どこの企業でも、営業であれば、日報や週報を書かなければならなかったでしょう。
これらを会社の情報システムの仕組みで処理できる訳ではありません。
というのも、汎用機やオフコンの世界で作られた当時のシステムは文字しか扱うことができないため、適切な報告をするためには、報告書を手で書いたり、ワープロで書いたりする必要があるわけです。
こんな内部レポートを毎日/毎週作成しなくてはならないとしたら、それだけで時間は無くなってしまうでしょう。
企業が生きていくためには、業務を効率化して、かつ、お客様の満足度を向上し、企業自らの利益を上げるとともに、お客様も提供するサービスにより、利益を得てもらうことが重要なのです。
「人が減らされた上にレポートなんて不可能だ」と、当時の私は思っていました。
営業だった私は、何とかならないかと毎日のように考えていたのです。
考えている間にも技術の人間、SEが減らされ別の部門に移っていってしまいます。
「このままでは業務が維持できない」
そんな時、私は初めてNotesの価値を知ったのです。
出会ったのは本当はその数ヶ月前くらい前だったでしょう。
部門にサーバーが配布されたという意味では。
しかし、部門内ではNotesは標準のディスカッションテンプレートで幾つかの会議室が運用されているだけでしたし、私もまだNotesのことを研究中でした。

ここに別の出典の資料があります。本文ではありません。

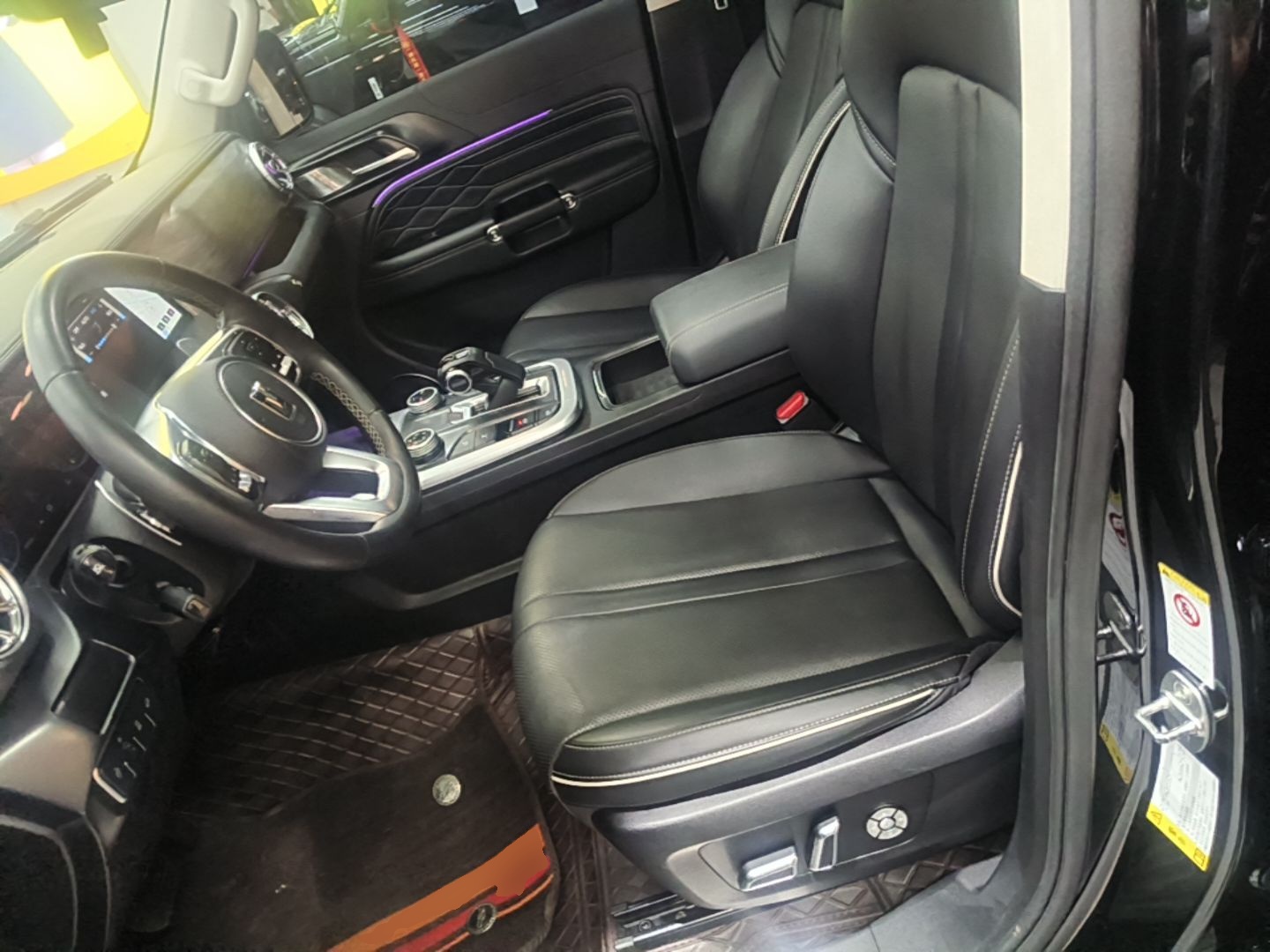 Front Interior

私は初めてNotesのディスカッションテンプレートの設計を見てみたのです。
これは単なるBBS(所謂、電子会議室DB)のような使い方でなく、もっと色々な使い方ができるのではないかと思いました。
それだけの、可能性をNotesに見出したのです。
さて、ここから、私の、開発奮闘記の始まりです。
当時、営業だった私にどこまで、できるのでしょうか?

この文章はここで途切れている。